__Task instructions__: Everything in the records below from the line containing "污水处理厂碳中和发展现状与展望：别扯碳抵消了，你那点手艺根本不够看" through the line containing "Chevy | PetCurious" is to be reproduced exactly, those two lines included; no picture is to be copied.

__Stored data__:
*-*-*

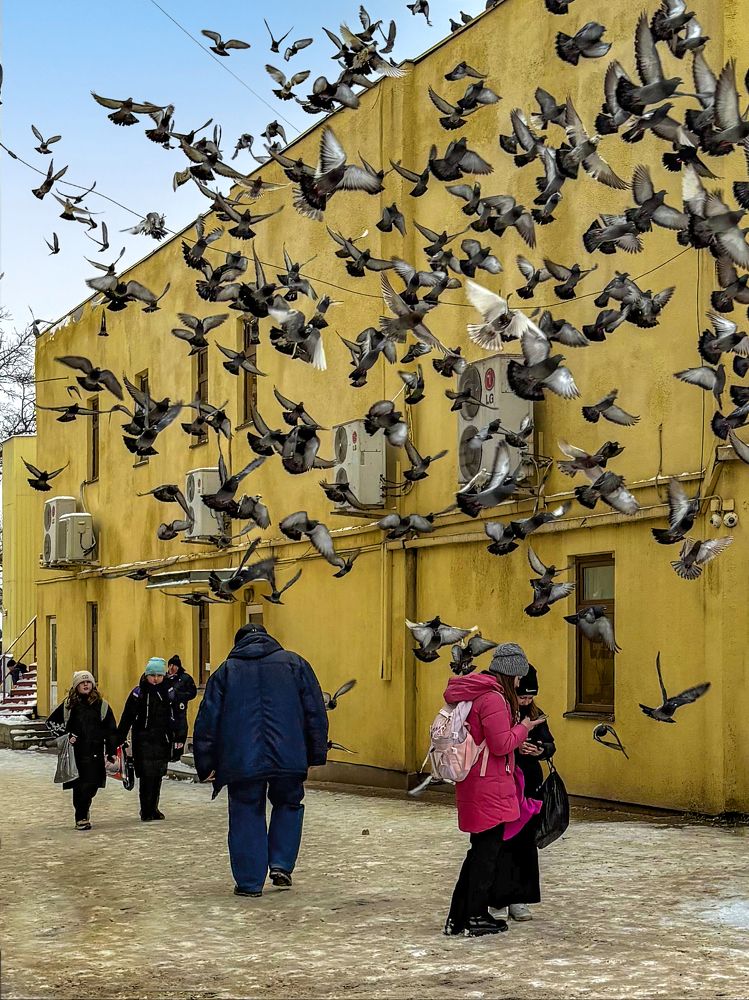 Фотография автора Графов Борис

*-*-*

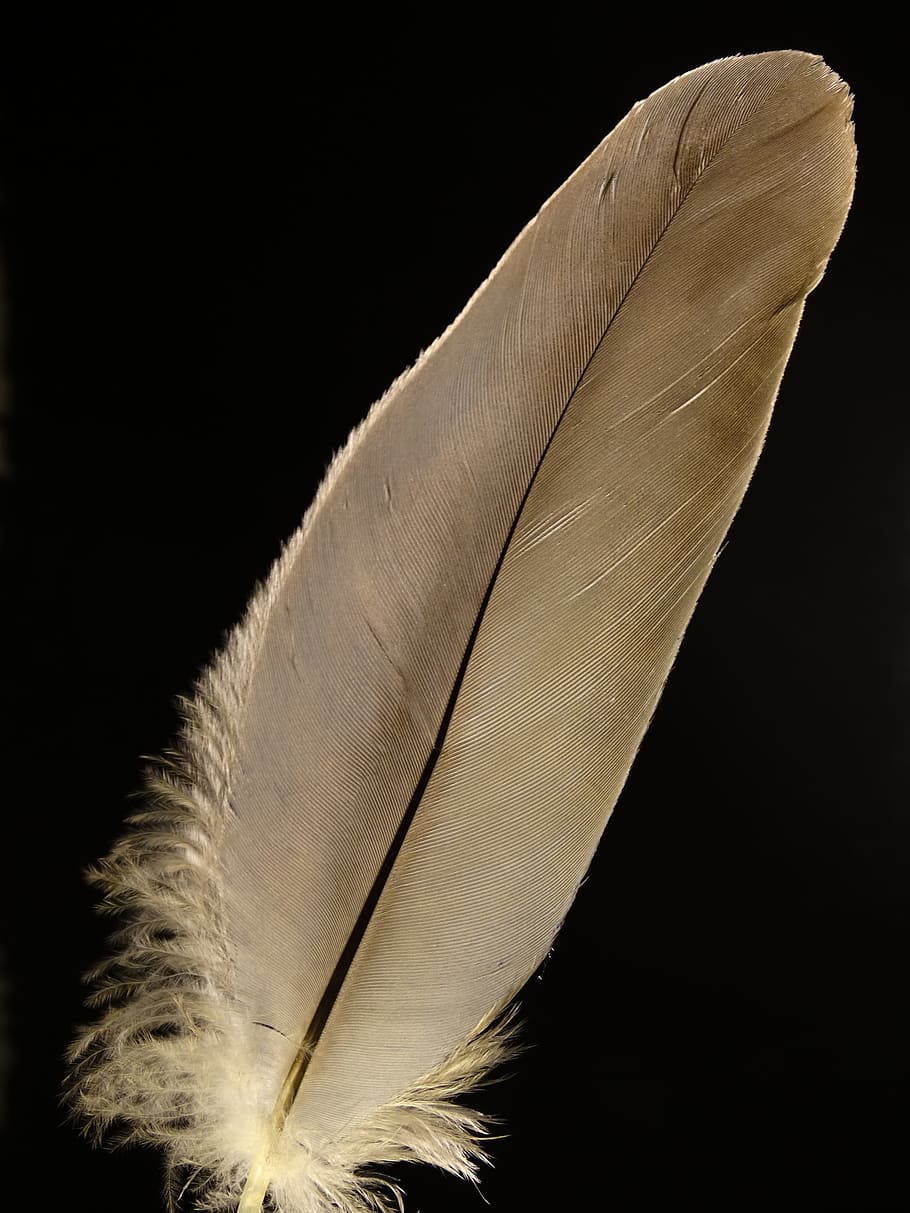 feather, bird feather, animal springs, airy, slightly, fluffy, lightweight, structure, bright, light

*-*-*

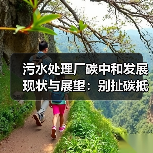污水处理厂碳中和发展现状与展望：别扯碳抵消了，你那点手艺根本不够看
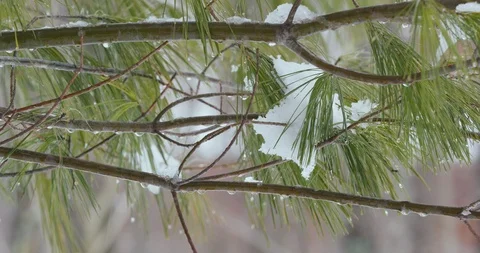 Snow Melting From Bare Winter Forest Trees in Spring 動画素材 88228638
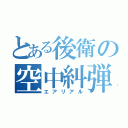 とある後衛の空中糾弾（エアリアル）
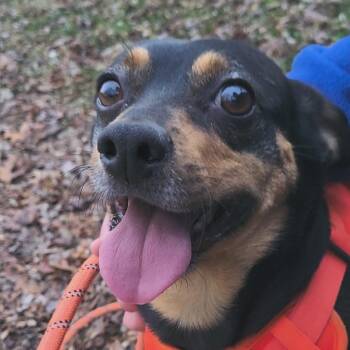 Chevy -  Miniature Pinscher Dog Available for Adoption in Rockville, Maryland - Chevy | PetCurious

*-*-*

__Written reply__:
污水处理厂碳中和发展现状与展望：别扯碳抵消了，你那点手艺根本不够看
 Snow Melting From Bare Winter Forest Trees in Spring 動画素材 88228638
 とある後衛の空中糾弾（エアリアル）
 Chevy -  Miniature Pinscher Dog Available for Adoption in Rockville, Maryland - Chevy | PetCurious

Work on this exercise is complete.